There are many ways to improve decision quality across the three team value management areas: development of first-team players, integration of youth players, and player-trading excellence (Exhibit 5). In each of these areas, competitive advantage can originate from positioning, people, processes and tools, or structure.
For example, better positioning could improve a club’s image, helping attract players. Competitive advantages can also be related to people with specific skills (such as the quality of coaches in the youth academy), established processes and tools (for instance, using a proprietary scouting database), or structural advantages (for example, a multiclub model that benefits from the synergies of multiclub cooperation). Of these, structural advantages make the most consistent impact on differentiating a club from others.

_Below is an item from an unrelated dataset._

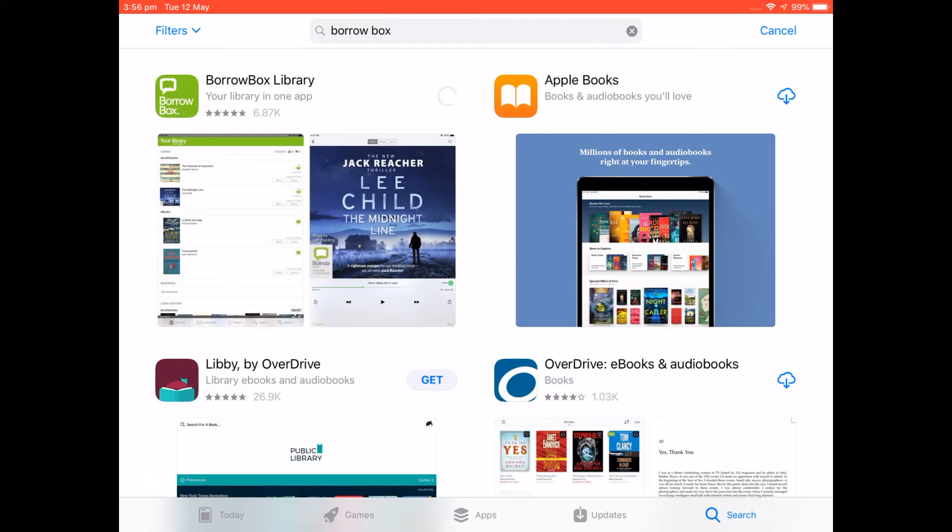Now BorrowBox is a free app and depending on your internet speed this may take a minute or two to download.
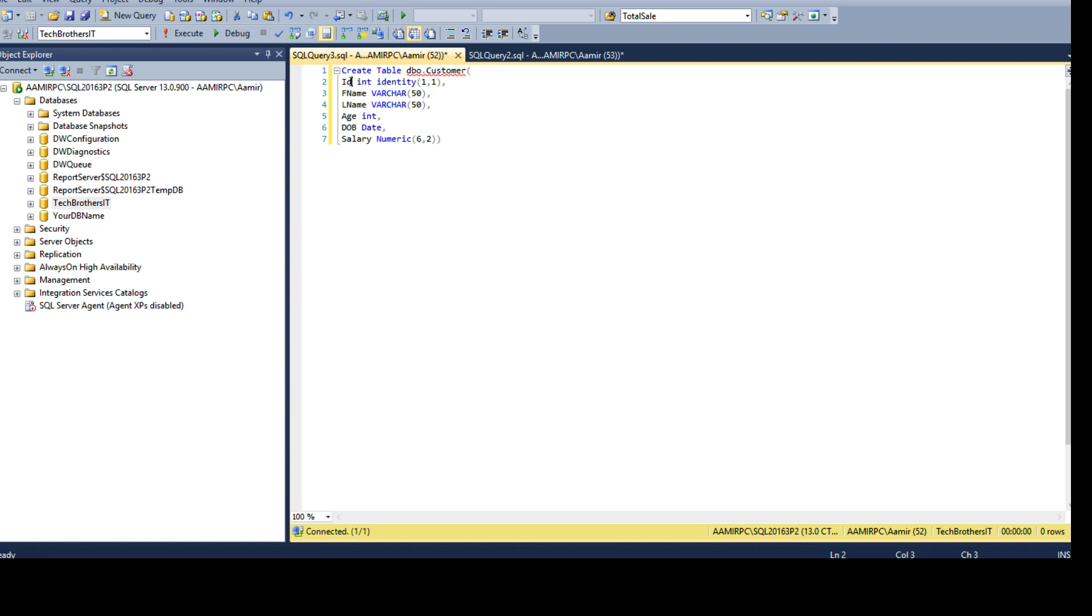We do not have to provide the values for ID column. The starting value will be one and it will increment with one. We have to provide the values for the other columns.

Most multiclub models are now moving from a phase of expanding portfolios toward a phase of optimizing clubs within the portfolio. Clearly defining and connecting the sporting models across the portfolio will be critical; in turn, doing so will put additional pressure on single clubs to maintain or strengthen their competitive positioning.
Differentiating competitive advantage: Examples from across Europe
An examination of European football clubs during the 2017–18 to 2020–21 seasons reveals a variety of team composition strategies across the three areas of team value management.
- Development of first-team players. RB Leipzig’s upgrade into one of the three most competitive Bundesliga clubs has more to do with how the club invests money than with the amount of money it invests. A high percentage of young, world-class talent in RB’s squad indicates that the majority of its first team’s value gains result from player development rather than from net transfer investment. Thereby, being part of a multiclub model also yields structural advantages in profiting from the player development on farm teams, talent pipeline management, and developing technical staff.
- Integration of youth players. Real Sociedad doubled its team value in five years and established itself in LaLiga’s top four. Strategic clarity and operational excellence in developing and integrating local youth players played a significant role in the club’s success; the club strives to source 60 percent of first-team members from the academy.
- Player-trading excellence. S.L. Benfica has remained among Europe’s top three clubs in creating player value, which translates into the largest transfer profits of all clubs over the past decade. This is enabled by a dense, countrywide scouting network; a focus on player development at the core of the club’s identity; and a trader mindset when acting in the transfer market.
- Cross-cutting. Liverpool FC offers an example of a club building a competitive advantage related to processes and tools across all three areas. By building capabilities in evaluating the performance and future potential of current and external players, Liverpool FC has been able to compete with teams with much larger budgets. This strategy is supported by a leading data science department and the development and rigorous use of analytical tools.
Regardless of the strategy pursued, generating value through successful team composition requires a planning horizon of at least three years. Patience and continuity—both on and off the pitch—are therefore essential building blocks for increased cost efficiency and business success.
As in many business sectors, immense pressure to demonstrate performance in the short term—in the next game or the current season—often leads to decisions that do not take longer-term effects into account. Clubs’ top management teams would be well advised to develop coherent strategies to address the cost–value equation and engage in longer-term planning. Success does not come overnight.